SAC

SAC is selected through the shared off-policy entrypoint scripts/train_offpolicy.py, which TD3 and FlashSAC share as well. The main config is conf/offpolicy/config.yaml, and the SAC algorithm defaults live in conf/offpolicy/algo/sac.yaml. The current log name is fast_sac.

Runtime Model

The off-policy runner decouples CPU simulation from GPU learning through shared memory: a collector subprocess fills a CPU-resident replay buffer while the learner trains on the GPU.

Quick Start

uv run train --algo sac --task g1_walk_flat --sim mujoco
uv run train --algo sac --task g1_walk_rough --sim motrix training.no_play=true

Key Fields

For the off-policy playback path (scripts/train_offpolicy.py / CLI --algo sac), set training.export_onnx=false to skip policy.onnx export while still recording playback video.
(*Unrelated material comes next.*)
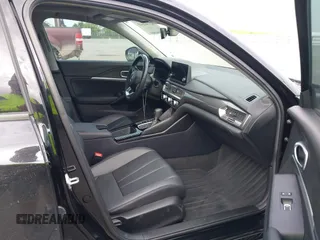 2024 Acura Integra with VIN 19UDE4H21RA011954, listed as a IAAI auction lot 42741645 with 29,539 mi miles and . Bid and sale history available at DreamBid. Image 5.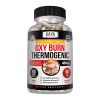  Oxy Burn Thermogenic giúp đốt mỡ và giảm cân hiệu quả của Mỹ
See Evaluation and Playback.

  • algo.algo_log_name=fast_sac

  • algo.num_envs=4096

  • algo.max_iterations=500

  • training.use_amp=true in the shared off-policy config

The current runner path in scripts/train_offpolicy.py requires synchronized collection; training.no_sync_collection=true is rejected by the script.

uv run train --algo sac --task g1_walk_flat --sim mujoco \
  algo.num_envs=2048 \
  algo.max_iterations=1000 \
  training.no_play=true